Qumran and the Essenes. A Re-Evaluation of the Evidence.

Verlag:

Tübingen: Mohr 1997. XII, 230 S., 8 Taf. gr.8 = Texte und Studien zum Antiken Judentum, 60. Lw. DM 168,-. ISBN 3-16-146719-1.

Rezensent:

Armin Lange

Bei der vorliegenden Arbeit handelt es sich um eine überarbeitete Fassung der von A. D. Crown betreuten und bereits 1994 abgeschlossenen Dissertation der Vfn. Sie sieht die seit E. Sukenik und R. de Vaux von der Mehrheit der Forscher vertretene Interpretation, daß es sich bei den Funden von Qumran um die Reste einer essenischen Siedlung und deren Bibliothek handelt, insbesondere durch die neuveröffentlichten Handschriften aus Höhle 4 hinterfragt und reklamiert daher einen Paradigmenwechsel in der Qumranforschung. Zu diesem Zweck beginnt die Vfn. mit einem Vergleich der antiken Essenerberichte mit den in Qumran gefundenen Texten. Trotz der hohen Bedeutung, die sie den seit Beginn der 90er Jahre veröffentlichten Handschriften zuweist, beschränkt sie sich jedoch im wesentlichen auf schon seit langem bekannte Werke wie 1QS, 1QSa, 1QH, 1QM/4QM, 11QT, CD und einige Pescharim. Von den "neuen" Texten finden lediglich 4QMMT und 4Q448 Beachtung.

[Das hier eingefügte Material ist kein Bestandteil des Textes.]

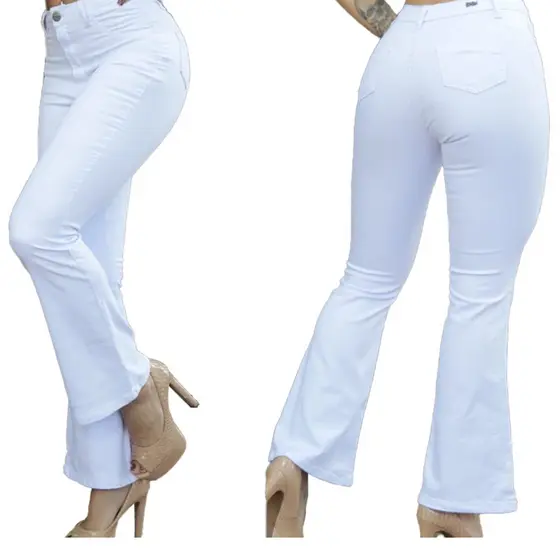 Calça Jeans Feminina Flare Branca Enfermagem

Die in den klassischen Quellen bezeugte Selbstbezeichnung "Essener" (Essenoi, Essaioi) sei - so die Vfn. - nirgends in den Schriftrollen von Qumran bezeugt (s. aber den Gebrauch von hasayya’ in 4Q213a 3-46: [wl’ mtmh’ ssm hsyh mn kwl ’mh’ l’lm "und der Name der Frommen wird nicht ausgelöscht werden in Ewigkeit"] und die in einem 134/135 n. Chr. zu datierenden Brief für Qumran verwendete Ortsbezeichnung msd hsydym ["Festung der Frommen"; Mur 45 6]). Der pazifistische Charakter der Essener stehe im Widerspruch zu den kriegerischen Tönen in den Textfunden von Qumran. Ihr zölibatäres Leben lasse sich ebensowenig mit den Bestimmungen über Frauen und Kinder in den Gemeinderegeln von Qumran vereinbaren, wie die Tatsache, daß die Essener kein Privateigentum besessen hätten. Weitere Widersprüche zwischen den Textfunden von Qumran und den antiken Essenerberichten meint die Vfn. in den Opferpraktiken sowie im Umgang mit Eiden und Sklaven zu finden. Ferner ließe der archäologische Befund eine Interpretation der Siedlung von Qumran als essenische Niederlassung nicht zu: Die Skelette von Frauen und Kindern seien mit dem zölibatären Leben der Essener nicht vereinbar. Die aufwendige Wasseranlage hätte mit den materiellen Ressourcen und technischen Fähigkeiten der Essener nicht gebaut werden können. Im Widerspruch zum bescheidenen Lebensstandard der Essener stünden schließlich auch die in Qumran und En Feschkha gefundenen Münzen und Luxusgüter. Bei der in den Gemeinderegeln bezeugten Gemeinschaft handele es sich um eine sonst unbekannte jüdische Gruppe: "It could well be that the authors of the scrolls belonged to an earlier (pre-Hasmonean) group of priests or Sadducees, who split from the main body of priests when the Zadokite line was usurped by the Maccabean priests" (194). Wie die Schriftrollen nach Qumran gekommen sind, ließe sich erst nach Veröffentlichung aller Handschriften und Ausgrabungsergebnisse klären - ein Argument, das 1997 angesichts von vorläufigen Editionen fast aller Handschriften aus Qumran nur noch verwundern kann. - Bei den Handschriften von Qumran handele es sich entweder um die Reste einer Geniza oder um dort versteckte Kopien einer Jerusalemer bzw. Jerichoer Bibliothek, die dann auch Schriften der postulierten unbekannten jüdischen Sekte enthalten hätte. Eine, nach Meinung der Vfn., bei Qumran beginnende Handelsroute lege für die Siedlung eine Funktion unabhängig von der in den Höhlen gefundenen Bibliothek nahe:

"It appears therefore that Qumran was probably established as a fortified customs post, to collect the salt tax ... and to levy duties on other merchandise. The settlement may also have functioned as an inn or way station with the strong tower and its garrison protecting travellers from robbers and bandits. Excavation of the ruins of Qumran has also revealed the existence of a number of small industrial undertakings such as pottery, a dye works, and a small perfume factory. The large cemetary adjacent to Qumran may have been established to service a hospice which was perhaps maintained there. As a centre for the Jerusalem priesthood existed at the neighbouring city of Jericho, the supervision of the many activities at Qumran may have been in priestly hands" (196 f.).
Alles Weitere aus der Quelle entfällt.